認証が必要な単純な API にパスポートローカル戦略を使用しています。すべてのルートの前に、アプリケーションへのアクセスを処理するミドルウェアを使用します
var verifyAuth = function(req, res, next) {
if (req.originalUrl === '/signup' || req.originalUrl === '/login') {
return next();
}
if (req.isAuthenticated()) {
return next();
}
if (req.accepts('text/html')) {
return res.redirect('/login');
}
if (req.accepts('application/json')) {
res.set('WWW-Authenticate', '???');
return res.status(401).send({err: 'User should be logged'});
}
};
app.use(verifyAuth);
- ユーザーがサブスクライブまたはログインする場合、それらのルートへのアクセスを許可します
- ユーザーがログインしている場合、アクセスを許可します
- ユーザーがログインしておらず、ブラウザーを使用している場合 (たとえば)、/login にリダイレクトします。

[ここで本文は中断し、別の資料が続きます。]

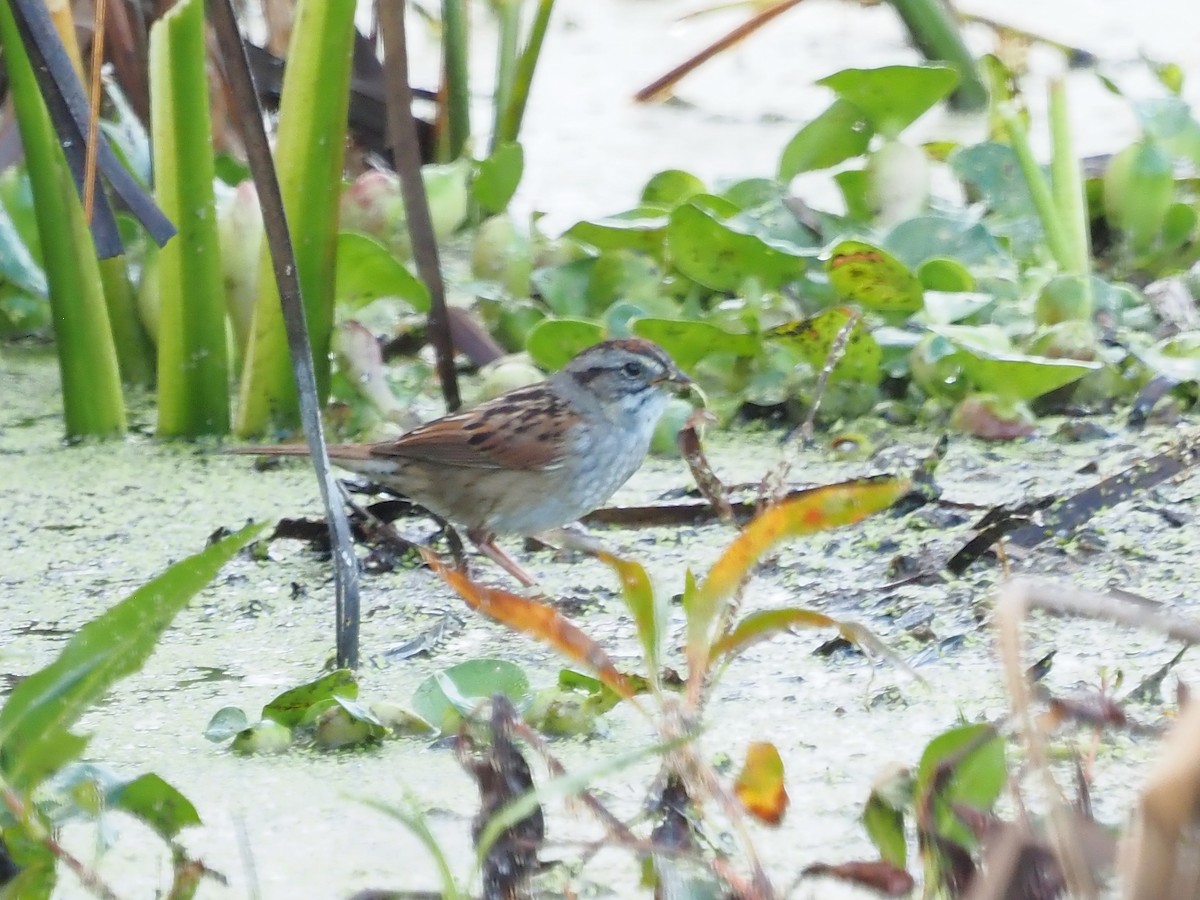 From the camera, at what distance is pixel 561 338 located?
4004mm

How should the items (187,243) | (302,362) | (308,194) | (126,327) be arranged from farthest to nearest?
1. (126,327)
2. (187,243)
3. (308,194)
4. (302,362)

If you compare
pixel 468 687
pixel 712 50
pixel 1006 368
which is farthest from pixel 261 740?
pixel 712 50

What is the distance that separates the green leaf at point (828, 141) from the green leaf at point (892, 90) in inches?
1.1

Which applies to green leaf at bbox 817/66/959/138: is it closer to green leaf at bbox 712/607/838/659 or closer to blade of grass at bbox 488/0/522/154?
blade of grass at bbox 488/0/522/154

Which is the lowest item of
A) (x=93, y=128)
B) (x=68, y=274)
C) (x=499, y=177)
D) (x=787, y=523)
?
(x=499, y=177)

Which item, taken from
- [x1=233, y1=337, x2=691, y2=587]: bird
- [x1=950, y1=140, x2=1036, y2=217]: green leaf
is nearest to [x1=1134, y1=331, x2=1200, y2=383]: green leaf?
[x1=950, y1=140, x2=1036, y2=217]: green leaf

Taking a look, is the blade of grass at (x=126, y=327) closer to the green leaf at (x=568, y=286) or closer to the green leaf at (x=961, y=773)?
the green leaf at (x=568, y=286)

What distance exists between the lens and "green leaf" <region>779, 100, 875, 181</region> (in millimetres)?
4406

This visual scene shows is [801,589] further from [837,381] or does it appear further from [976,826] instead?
[976,826]

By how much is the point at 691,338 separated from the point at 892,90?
Answer: 851 mm

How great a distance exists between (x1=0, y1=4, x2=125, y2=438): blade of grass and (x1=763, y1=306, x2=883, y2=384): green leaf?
1.39 meters

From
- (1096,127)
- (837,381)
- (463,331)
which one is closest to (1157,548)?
(837,381)

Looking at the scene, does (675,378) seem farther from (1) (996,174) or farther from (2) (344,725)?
(2) (344,725)

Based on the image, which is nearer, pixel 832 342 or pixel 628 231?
pixel 832 342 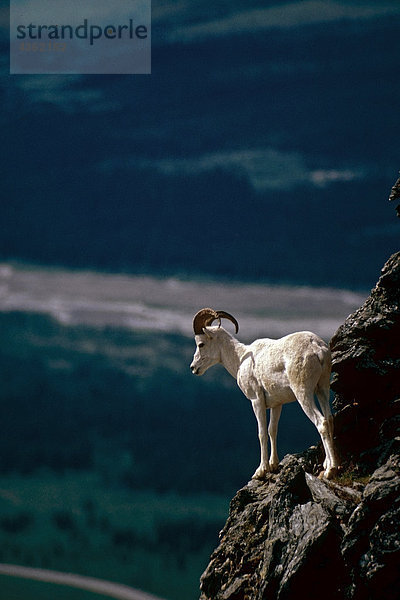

- ユーザーがログに記録されておらず、Accept Header = 'application/json' の他のデバイスにいる場合、アプリケーションは 401 を返します。
401 を使用して、応答と共に WWW-Authenticate ヘッダーを送信すると面白いかもしれないと読みました。彼らは Basic Auth または OAuth を値として使用することを提案しています。Local-Strategy にはどの値を使用すればよいですか? ログイン用の URL とともに Location を送信することも興味深いと思いますか?